A rule in the figure 2 that all the nodes must follow:

If RPC request or response contains term T > currentTerm: set currentTerm = T, convert to follower (§5.1)

So that term number can keep up-to-date in the entire network and an out-dated leader can know it should jump to a higher term.

Election Restrictions

Besides, as the rules stated in the figure 2 of paper and section 5.4.1, we have several rules to implement as election restriction.

For candidate, it loses an election if one of the following happens:

1) It’s killed. rf.killed() == true;

2) Some RequestVoteRPCReply has a higher term number than it’s currTerm;

3) Receive AppendEntryRPC with a higher term number than it’s currTerm.

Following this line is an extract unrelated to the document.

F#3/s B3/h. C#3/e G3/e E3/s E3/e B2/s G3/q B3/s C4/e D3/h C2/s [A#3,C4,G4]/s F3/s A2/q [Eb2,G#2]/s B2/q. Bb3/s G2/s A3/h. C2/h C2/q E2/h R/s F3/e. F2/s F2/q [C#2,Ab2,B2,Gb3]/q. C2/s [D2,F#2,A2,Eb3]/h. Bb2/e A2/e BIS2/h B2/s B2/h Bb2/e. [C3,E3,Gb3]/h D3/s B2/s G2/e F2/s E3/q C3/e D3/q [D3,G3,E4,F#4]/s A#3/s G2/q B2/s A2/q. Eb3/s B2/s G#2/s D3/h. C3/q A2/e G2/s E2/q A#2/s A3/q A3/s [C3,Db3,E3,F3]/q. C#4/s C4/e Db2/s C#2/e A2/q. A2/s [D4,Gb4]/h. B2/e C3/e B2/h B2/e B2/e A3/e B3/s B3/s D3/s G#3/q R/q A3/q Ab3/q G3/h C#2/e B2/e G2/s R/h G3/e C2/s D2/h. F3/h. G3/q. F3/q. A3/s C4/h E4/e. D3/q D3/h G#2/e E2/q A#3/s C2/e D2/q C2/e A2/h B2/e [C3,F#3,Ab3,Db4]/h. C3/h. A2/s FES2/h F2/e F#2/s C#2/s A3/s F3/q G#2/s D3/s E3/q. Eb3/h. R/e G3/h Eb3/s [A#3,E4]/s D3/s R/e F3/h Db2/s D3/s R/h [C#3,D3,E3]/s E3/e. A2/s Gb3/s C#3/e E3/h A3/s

For follower, it rejects the RequestVoteRPC if one of the following happens:

1) the request from the candidate with a lower term;

2) the request from the candidate which comes later and belongs to the same term;

3) the last entry having a higher term;

4) the logs longer than candidate when having the same term number.

`VoteFor`

The voteFor should be carefully managed, as failing to follow the rule in the figure 2 would lead to unexpected election result, especially when the nodes need to use records to persisted record to reboot in the part C.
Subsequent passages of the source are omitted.